United States District Court, E.D. Texas, Sherman Division
Mar 20, 2023
Civil Action 4:22-cv-00321 (E.D. Tex. Mar. 20, 2023)

Opinion

Civil Action 4:22-cv-00321

03-20-2023

JENNIFER C. RUFF Appellant, v. SUZANN RUFF and CHRISTOPHER MOSER, TRUSTEE Appellees.


MEMORANDUM OPINION AND ORDER

AMOS L. MAZZANT, UNITED STATES DISTRICT JUDGE

Pending before the Court is Appellant Jennifer C. Ruff's Motion to Modify Bankruptcy Court's Order for Stay Pending Appeal (Dkt. #7).

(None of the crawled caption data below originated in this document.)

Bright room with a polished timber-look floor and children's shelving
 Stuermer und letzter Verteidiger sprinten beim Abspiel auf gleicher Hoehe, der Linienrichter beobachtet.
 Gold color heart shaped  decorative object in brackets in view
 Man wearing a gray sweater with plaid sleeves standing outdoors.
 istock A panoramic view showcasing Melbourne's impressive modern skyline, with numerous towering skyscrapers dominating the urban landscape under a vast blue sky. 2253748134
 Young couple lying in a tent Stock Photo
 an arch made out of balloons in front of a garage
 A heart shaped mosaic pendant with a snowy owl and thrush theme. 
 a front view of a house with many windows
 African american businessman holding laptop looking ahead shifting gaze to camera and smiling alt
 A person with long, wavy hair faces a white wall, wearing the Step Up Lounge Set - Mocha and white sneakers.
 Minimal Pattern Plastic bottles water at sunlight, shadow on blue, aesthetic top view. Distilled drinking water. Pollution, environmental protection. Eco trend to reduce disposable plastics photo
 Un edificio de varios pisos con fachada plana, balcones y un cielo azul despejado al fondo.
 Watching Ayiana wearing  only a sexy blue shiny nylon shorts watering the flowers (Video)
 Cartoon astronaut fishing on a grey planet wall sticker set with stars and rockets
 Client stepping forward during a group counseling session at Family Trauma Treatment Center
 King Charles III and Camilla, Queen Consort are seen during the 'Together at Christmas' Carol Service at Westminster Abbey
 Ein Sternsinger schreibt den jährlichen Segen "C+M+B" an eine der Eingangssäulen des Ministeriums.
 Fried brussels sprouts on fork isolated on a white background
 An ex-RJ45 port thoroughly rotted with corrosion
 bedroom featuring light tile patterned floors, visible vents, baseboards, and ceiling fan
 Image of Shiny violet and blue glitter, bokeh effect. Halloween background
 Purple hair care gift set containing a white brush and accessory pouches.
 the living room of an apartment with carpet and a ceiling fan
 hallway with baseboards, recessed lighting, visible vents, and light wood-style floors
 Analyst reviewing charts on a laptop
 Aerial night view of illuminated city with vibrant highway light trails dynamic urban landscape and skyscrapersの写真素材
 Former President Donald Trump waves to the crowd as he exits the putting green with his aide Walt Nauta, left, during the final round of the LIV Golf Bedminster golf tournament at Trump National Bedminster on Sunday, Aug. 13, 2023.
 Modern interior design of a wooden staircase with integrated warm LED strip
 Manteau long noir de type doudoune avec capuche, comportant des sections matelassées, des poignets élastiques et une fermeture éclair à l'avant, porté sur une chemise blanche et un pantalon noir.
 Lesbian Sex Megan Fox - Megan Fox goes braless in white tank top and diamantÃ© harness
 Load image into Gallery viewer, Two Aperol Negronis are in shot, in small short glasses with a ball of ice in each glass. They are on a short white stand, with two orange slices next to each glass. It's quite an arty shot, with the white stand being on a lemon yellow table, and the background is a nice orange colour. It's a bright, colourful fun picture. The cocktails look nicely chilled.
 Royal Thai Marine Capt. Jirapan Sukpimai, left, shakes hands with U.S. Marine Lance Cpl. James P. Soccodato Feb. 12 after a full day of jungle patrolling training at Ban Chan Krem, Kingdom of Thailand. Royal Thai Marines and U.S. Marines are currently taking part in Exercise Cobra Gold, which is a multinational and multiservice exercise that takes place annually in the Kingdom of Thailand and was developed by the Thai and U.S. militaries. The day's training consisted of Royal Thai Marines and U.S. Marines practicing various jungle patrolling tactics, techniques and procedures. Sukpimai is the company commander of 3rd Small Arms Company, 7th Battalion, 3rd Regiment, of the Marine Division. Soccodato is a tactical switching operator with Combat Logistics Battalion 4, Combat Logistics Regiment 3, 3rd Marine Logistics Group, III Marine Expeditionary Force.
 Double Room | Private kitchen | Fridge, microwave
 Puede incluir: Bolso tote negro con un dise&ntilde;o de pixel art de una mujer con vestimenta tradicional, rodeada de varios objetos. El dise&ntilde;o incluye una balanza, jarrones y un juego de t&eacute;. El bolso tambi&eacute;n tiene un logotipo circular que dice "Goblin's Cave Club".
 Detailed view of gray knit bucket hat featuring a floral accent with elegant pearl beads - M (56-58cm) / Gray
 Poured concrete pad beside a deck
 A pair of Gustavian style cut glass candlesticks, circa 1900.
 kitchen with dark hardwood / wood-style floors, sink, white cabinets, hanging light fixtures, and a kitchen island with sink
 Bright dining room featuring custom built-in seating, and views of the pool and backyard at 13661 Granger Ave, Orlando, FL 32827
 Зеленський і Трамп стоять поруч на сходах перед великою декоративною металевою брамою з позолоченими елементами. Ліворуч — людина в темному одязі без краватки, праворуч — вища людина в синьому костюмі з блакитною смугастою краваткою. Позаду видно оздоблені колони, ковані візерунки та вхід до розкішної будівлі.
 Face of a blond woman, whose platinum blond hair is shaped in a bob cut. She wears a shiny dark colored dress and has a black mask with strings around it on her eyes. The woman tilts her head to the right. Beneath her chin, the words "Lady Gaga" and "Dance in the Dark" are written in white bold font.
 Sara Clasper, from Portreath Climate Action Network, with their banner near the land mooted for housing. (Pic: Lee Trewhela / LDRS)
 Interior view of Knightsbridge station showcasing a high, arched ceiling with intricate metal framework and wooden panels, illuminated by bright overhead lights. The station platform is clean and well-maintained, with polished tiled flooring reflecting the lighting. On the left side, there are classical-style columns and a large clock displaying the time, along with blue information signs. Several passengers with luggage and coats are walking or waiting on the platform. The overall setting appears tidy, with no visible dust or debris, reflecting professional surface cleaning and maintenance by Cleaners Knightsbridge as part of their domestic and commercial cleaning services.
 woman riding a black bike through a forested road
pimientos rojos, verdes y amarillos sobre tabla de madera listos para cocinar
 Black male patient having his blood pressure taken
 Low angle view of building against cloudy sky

Having considered the motion and the relevant pleadings, the Court finds that the motion should be DENIED.

BACKGROUND

This case stems from an adversary proceeding brought before the United States Bankruptcy Court for the Eastern District of Texas (the “Adversary Case”). See Ruff v. Ruff, Adv. Case No. 21-4003, (Bankr. E.D. Tex. Jan. 11, 2021) (Adversary Case No. 21-4003, Dkt. #1).

On November 9, 2018, JMV Holdings LLC filed for Chapter 11 bankruptcy (the “Main Case”). In re JMV Holdings, LLC, Case No. 18-42552, (Bankr. E.D. Tex. Nov. 9, 2018) (Main Case No. 18-42552, Dkt. #1). On May 15, 2019, the Bankruptcy Court converted the Main Case into a Chapter 7 liquidation proceeding and appointed Appellee Christopher Moser to act as the Chapter 7 Trustee (Main Case No. 18-42552, Dkt. #25).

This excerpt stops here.